Having reviewed another So Delicious product (here) as well as another brand’s coconut milk mint chip (here), I decided to write a review for So Delicious’s Mint Chip. As with their other products in this lineup, this is a dairy-free, soy-free frozen desert which has a coconut base, sweetened by agave syrup.

Flavor

As you might expect from the name, this frozen dessert has a fresh, minty coconut base with a nice amount of chocolate chips dispersed throughout. The mint overpowers the subtle coconut flavor, probably because there is no whole coconut used, only coconut oil and cream. For those not accustomed to coconut-based frozen desserts, it tastes sort of like a dulled down, diet version of a normal milk-based desert. In some sense it is, because of the lower calorie and sodium content.

My biggest problem is that there isn’t really anything special or unique about the flavor. It loses hands down to the same company’s German Chocolate, whose succulent caramel and pecan pieces really make for a great taste experience. There is something strange about the Mint Chip’s texture, a lack of creaminess almost to the extent of being gummy. When I opened the sealed package the ice cream was in an odd shape with a little tornado shaped hole in the middle, almost as if it had partially melted and than refrozen. That could explain why the texture is so funky, or it could be due to the proportions of the gums that are used.

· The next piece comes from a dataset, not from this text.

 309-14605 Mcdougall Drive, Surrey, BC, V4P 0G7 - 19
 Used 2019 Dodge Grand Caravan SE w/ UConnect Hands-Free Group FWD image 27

Just as with Luna & Larry’s Mint Galactica product, a balance of contrasting flavors is lacking. While this rival product does have a smoother texture, Mint Chip has the advantage of having larger sized chunks of chocolate with richer flavor. Overall I rate these two products’ flavors on the same level.

Even though I didn’t love the flavor of either coconut-based mint-flavored desert, it’s not that I dislike all minty desserts. There are some milk-based ones I do enjoy such as Bryer’s Mint Chocolate Chip and Talenti’s Mediterranean Mint. Both of these have much more sugar and calories, so its not entirely fair to compare them to the coconut versions. Hopefully I’ll get an opportunity to review one of these products sometime in the near future.

Nutrition/Ingredients

As is with many companies, the products in a set all have similar nutritional information and ingredient makeup. This product is no different and has much in common with the same company’s German Chocolate frozen desert.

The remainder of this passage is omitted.